Provided data —
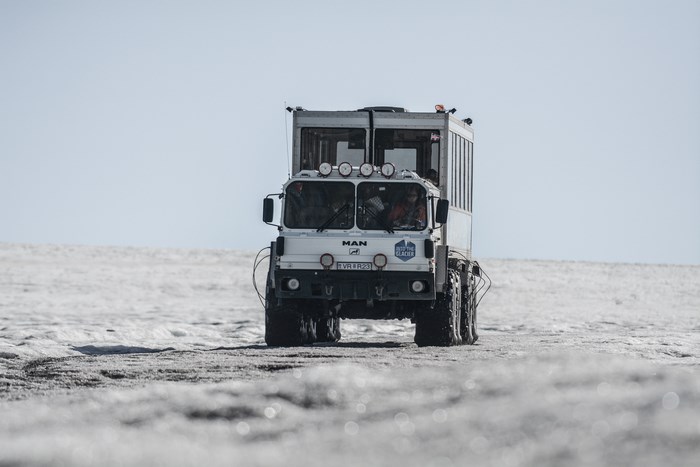 MAN truck for "Into the Glacier" tour on a glacier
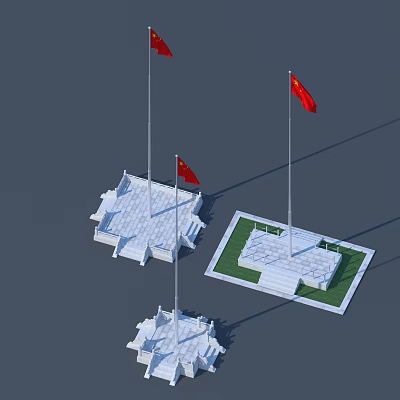 New Chinese-style Flag-raising Platform 3d model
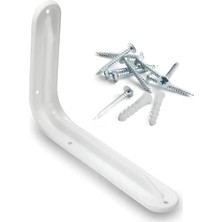 Aksufez Beyaz Lüx 17 x 23 cm Raf Altı Aparatı Ayağı L Demir Köşe Konsol Raf Tutucu Deprem Dolap Sabitleyici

What is required —
Copy out every line of the material above exactly, skipping the pictures.

Your solution —
 MAN truck for "Into the Glacier" tour on a glacier
 New Chinese-style Flag-raising Platform 3d model
 Aksufez Beyaz Lüx 17 x 23 cm Raf Altı Aparatı Ayağı L Demir Köşe Konsol Raf Tutucu Deprem Dolap Sabitleyici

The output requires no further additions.